Those of us who walked in front of the twins’ hut hurried along, as our parents had always warned us to do—to never, absolutely never, look toward the hut, lest our eyes wander inside it and we see things our mouths wouldn’t be able to say. Our parents’ orders notwithstanding, we’d all been tempted to take a peek—the things our parents forbade us from doing were precisely the things we most wanted to do—but none of us had thus far looked inside it, no matter how much our curiosity egged us on, because our parents had told us stories of boys and girls who once looked inside the hut and ended up with round black stones where their eyes had been. Sometimes we dared each other to go near the hut and see if our parents’ tales had any truth to them, but, despite wanting to awe our friends with our bravery, none of us wanted to lose the eyes we so loved.

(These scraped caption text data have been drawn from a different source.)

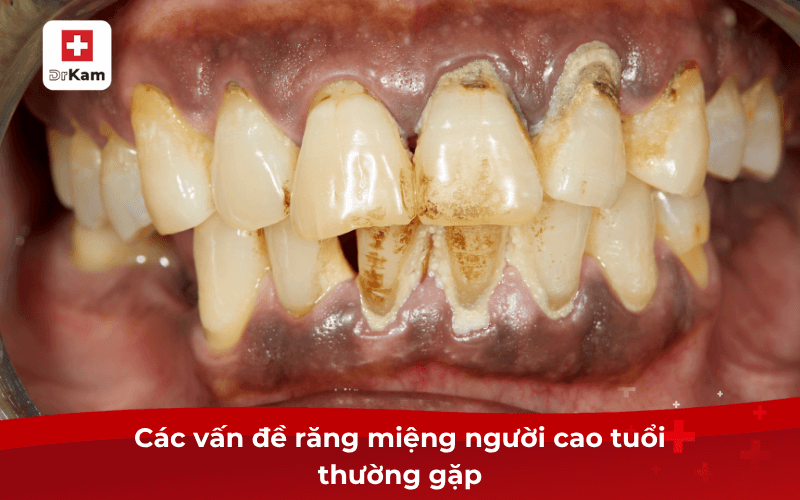 Hướng dẫn các bước chăm sóc răng miệng cho người cao tuổi 7 Các vấn đề răng miệng người cao tuổi thường gặp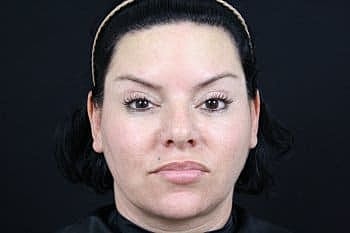 Botox & Dysport Before & After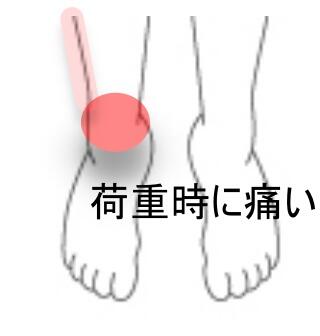 足首捻挫痛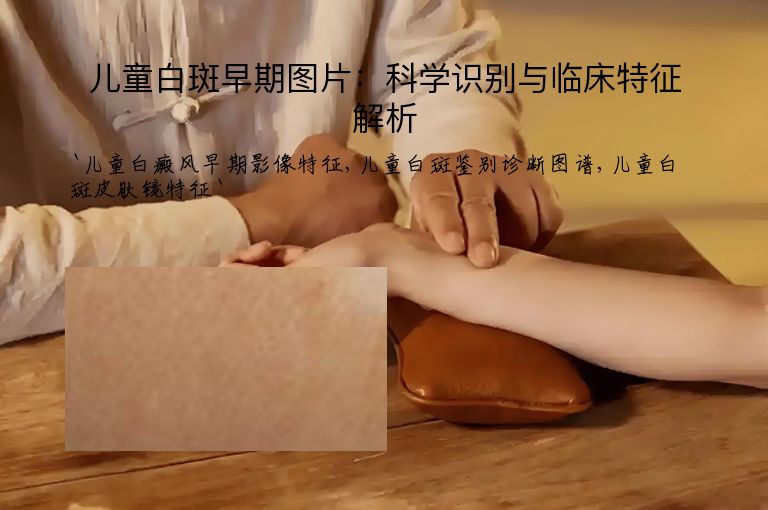 儿童白斑早期图片：科学识别与临床特征解析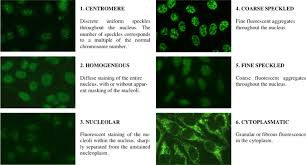 Image result for ANA Staining Pattern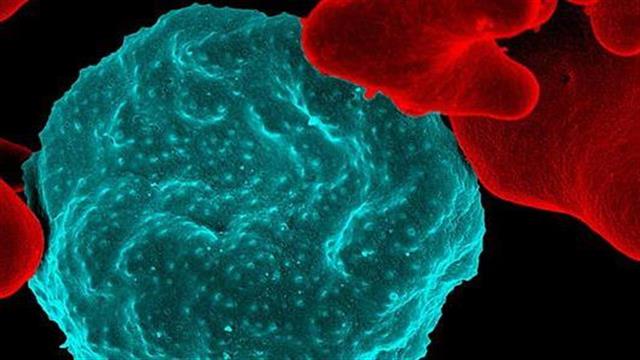 Υποσχόμενο τεστ αναπνοής για την ελονοσία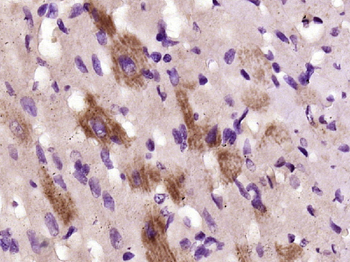 Integrin beta 1 Rabbit Polyclonal Antibody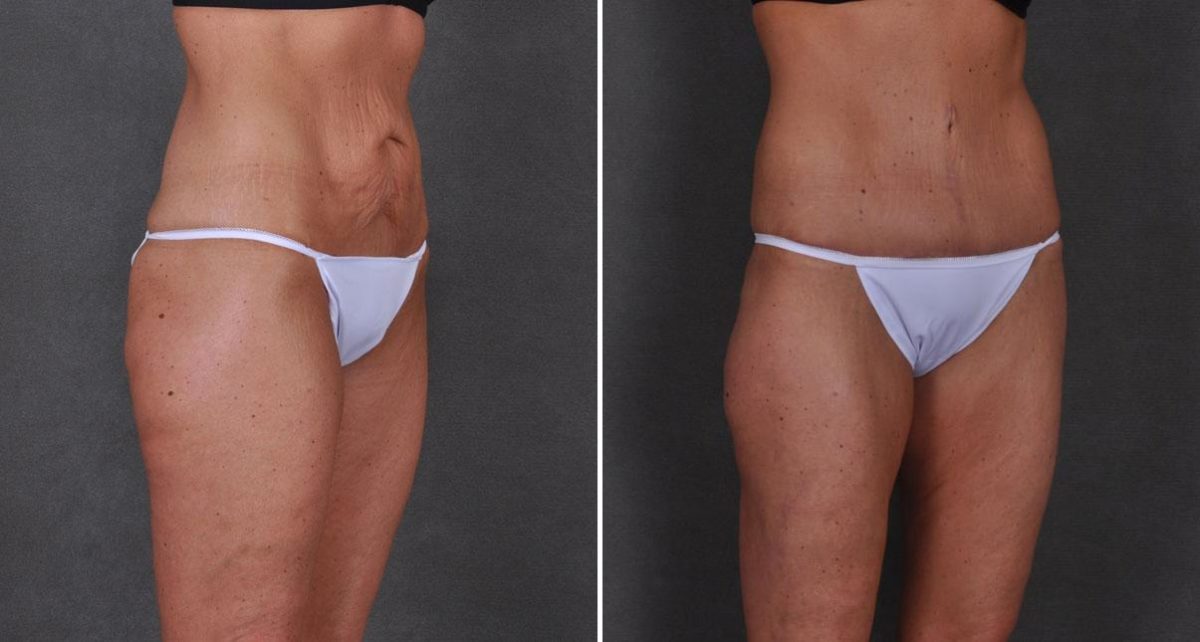 Tummy Tuck Before and After Photos in Omaha, NE, Case 8673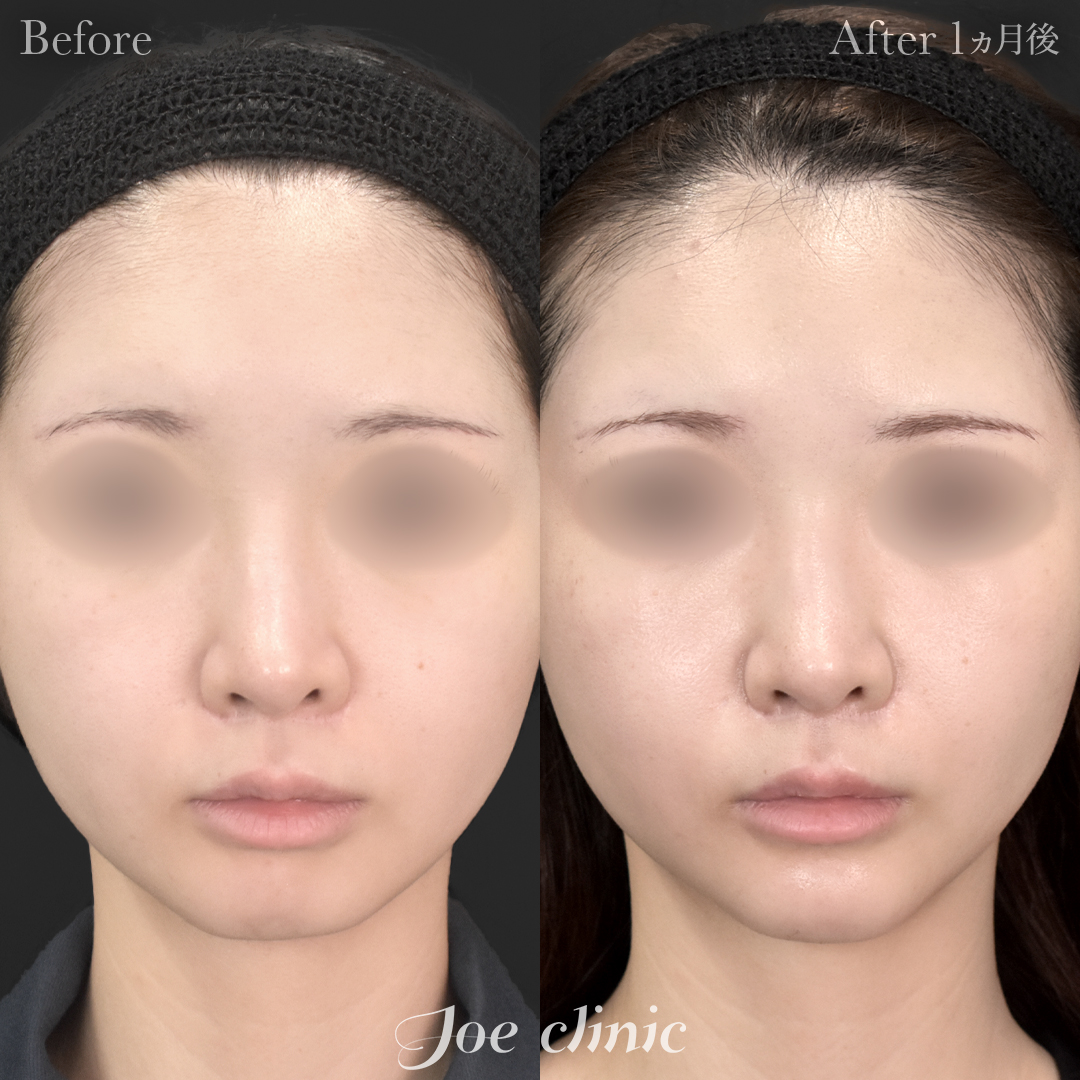 【20代女性】貴族手術（鼻翼基部プロテーゼ挿入術）＋顎プロテーゼ挿入｜1ヵ月後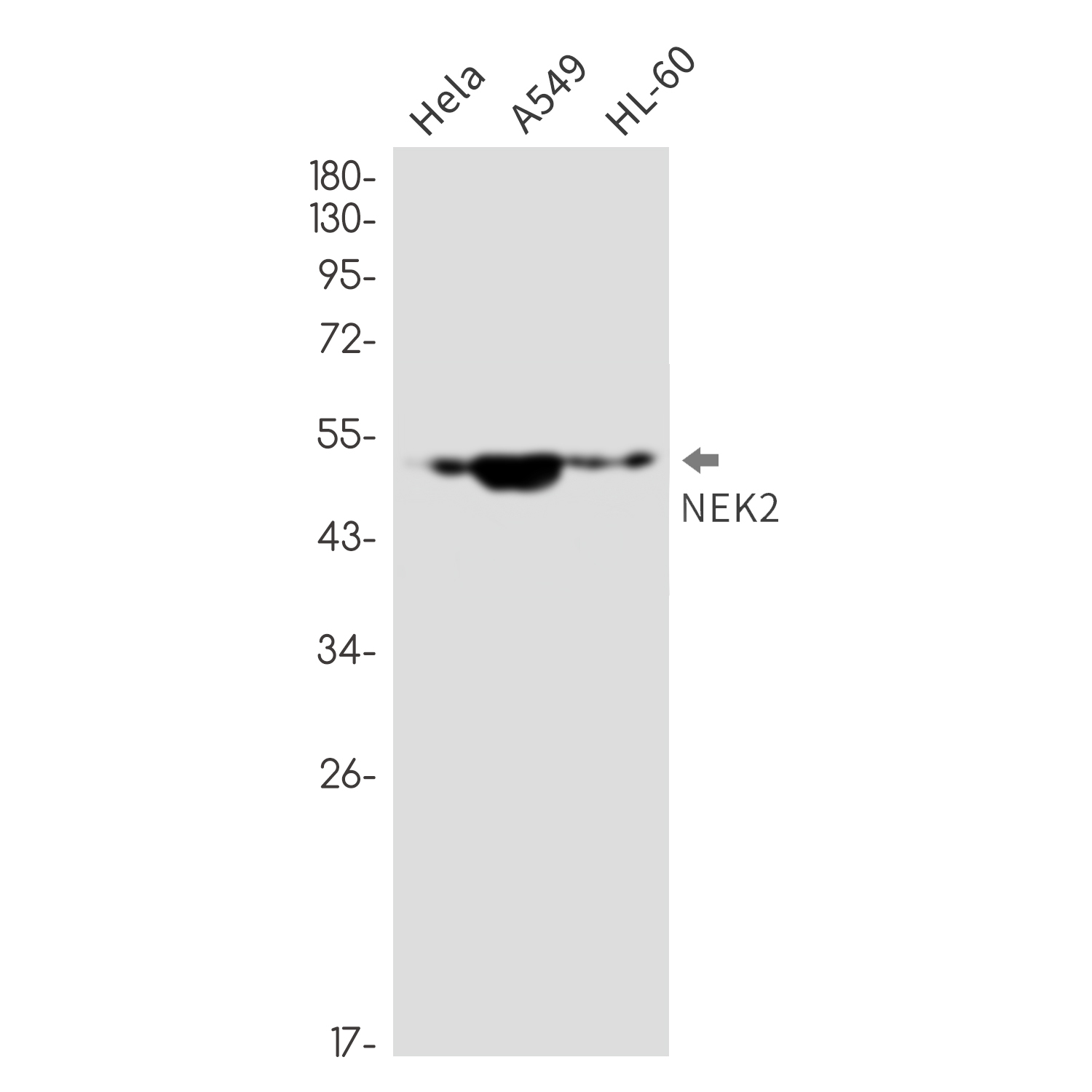 NEK2 Rabbit mAb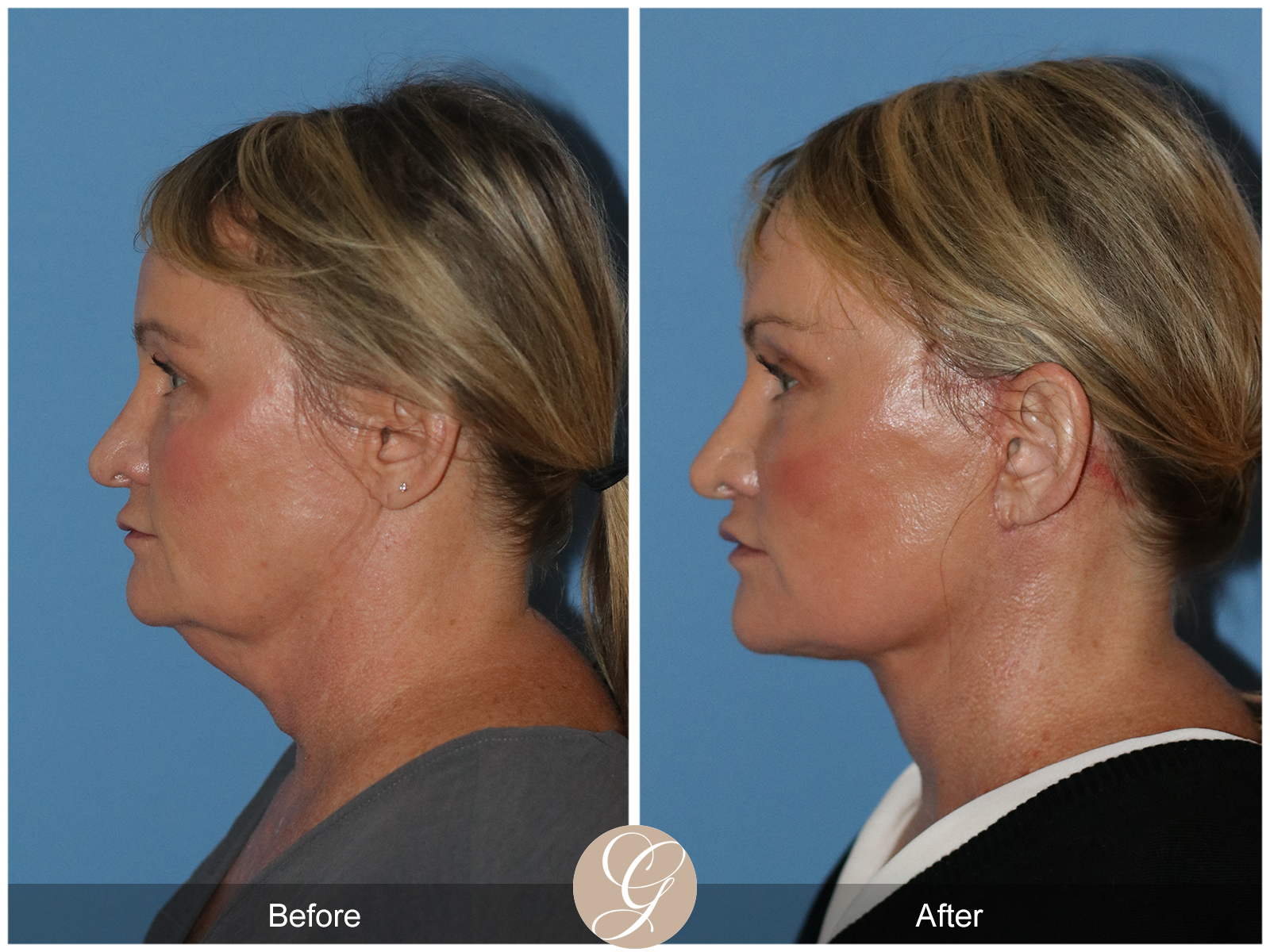 Preservation Deep Plane Facelift Case 34 Image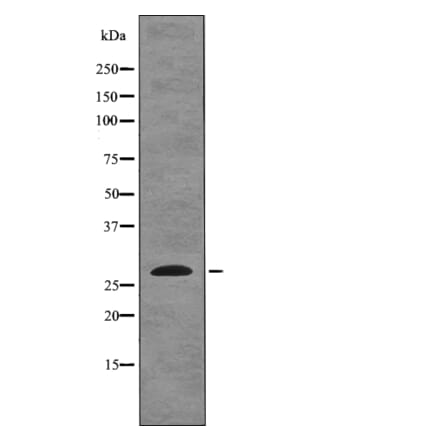 Western blot - EIF6 (Phospho-Ser235) Antibody from Signalway Antibody (12752) - Antibodies.com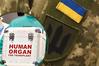 В Украине запретили трансплантацию органов погибших военных
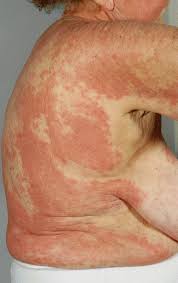 Image result for Pemphigoid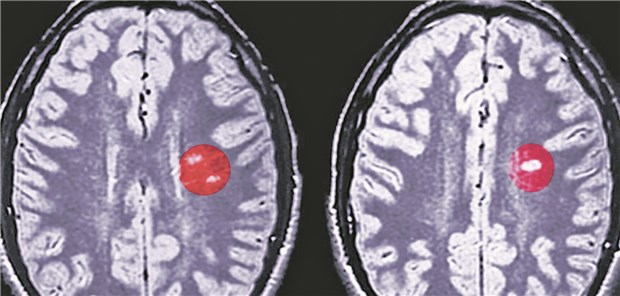 Hirnläsionen eines MS-Patienten im MRT-Bild: Neue Arzneien ermöglichen individuelle Therapien.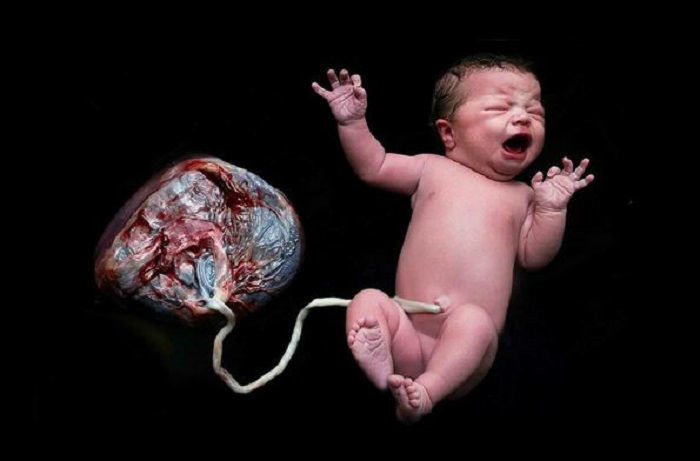 San phu TP HCM tu sinh tai nha, con tu vong: Cai chet bao truoc, sao nguoi me lam the?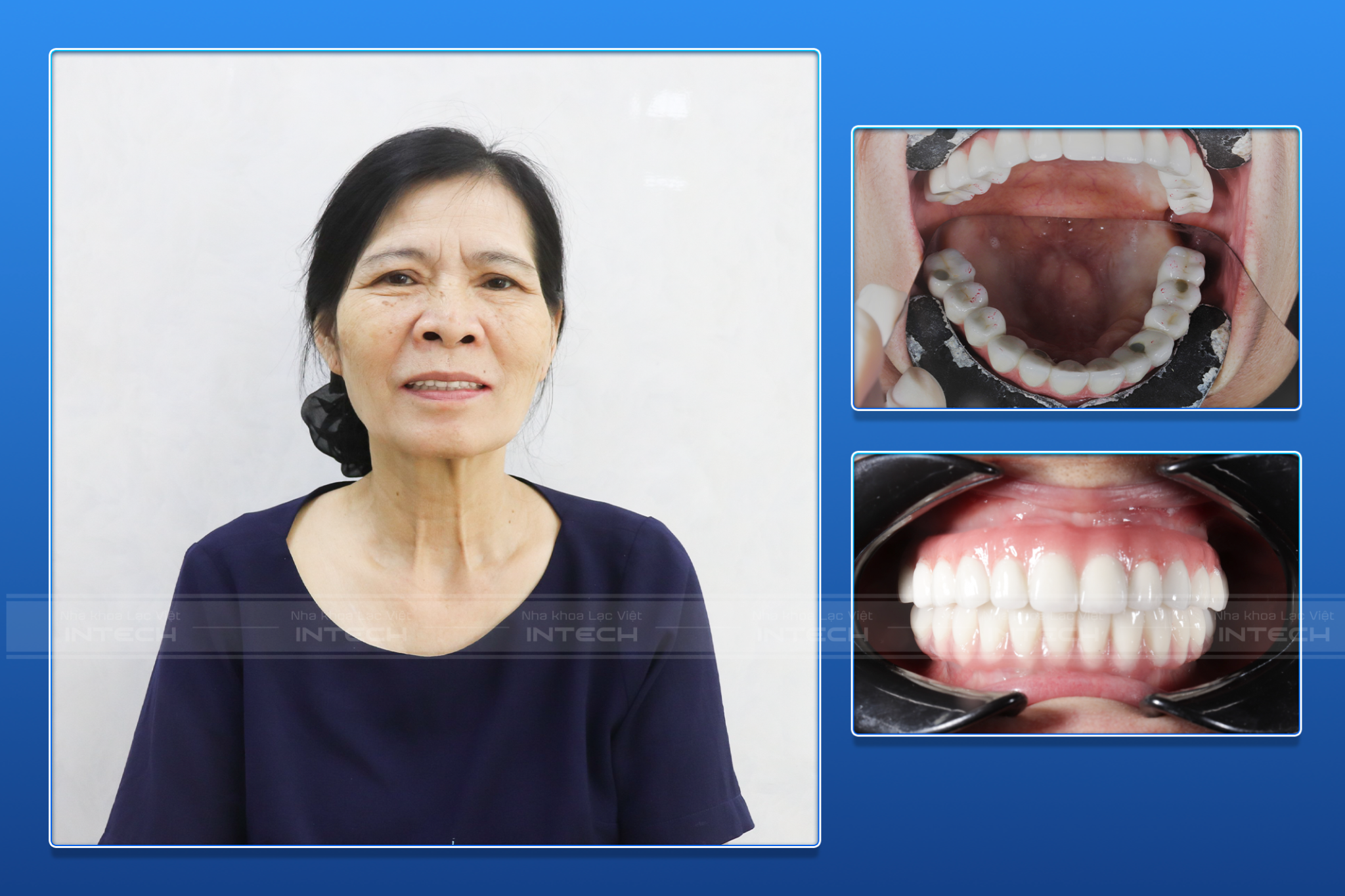 Kết quả sau khi trồng răng All On 4 toàn hai hàm của cô Hải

Though we’d never seen anything inside the hut, some of us had heard noises coming from it—the growl of animals interwoven with the rumble of thunder; babies singing a folk song; pots and pans banging over the sound of people laughing; a woman in labor begging the fetus never to come out; a man passing musical gas. When we told these things to our friends and cousins in other villages, they refused to believe us—their villages had mediums and medicine men but no version of the twins—but we believed each other, for we knew that the twins were capable of deeds many deem impossible.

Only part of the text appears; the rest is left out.